A good divorce lawyer typically will direct her client on how the laws in their respective jurisdiction will affect the division of home. Some options that may be discussed are selling the house or having one spouse buy the other spouse’s share of the home. In some cases, one spouse may grant the house to the other spouse exclusively.

Retirement plans are also valuable assets that may be included as a dividable marital asset by some jurisdictions. Retirement plans can include 401(k) plans, company profit sharing, pension plans, and Roth IRAs. Some jurisdictions also include benefits from employment, such as vacation days, bonuses, and stock options. It is recommended that each spouse meet with an attorney and an accountant before agreeing to divide up any retirement or employment benefits. An expert will be able to direct her client according to area laws and inform her client exactly what she is giving up.

If one or both spouses own a business, it also may be considered a marital asset. The court will follow the laws of the jurisdiction, but may also consider additional factors, such as how much each party worked toward the success of the business, and who began the business. The business will need to be appraised before it is divided or sold.

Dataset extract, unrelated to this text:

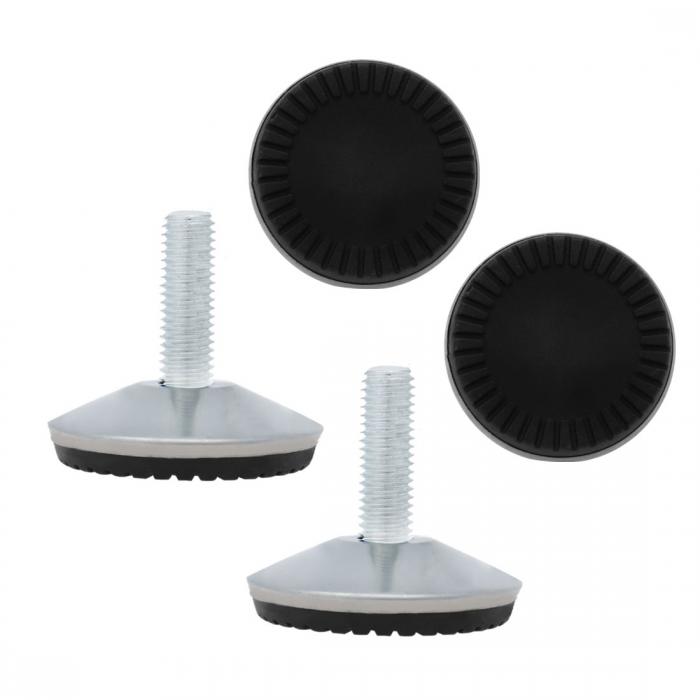 ネジ付きカバー パッド レベリングフィート 調節可能なレベラー パッド 椅子 産業機械 机脚用 M10 x 30 x 50mm 4pcs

Cars, household items, and collectables must all be divided according to the laws of the jurisdiction or pursuant to court order. In most cases, the value of these items can be found through comparison shopping. Once a value is determined, the items can be sold for cash or purchased by the other party. In some cases, it is best for the spouses to make a list of the marital items they want. Occasionally, many of the items one spouse wants are irrelevant to the other spouse, making the division of marital assets easier.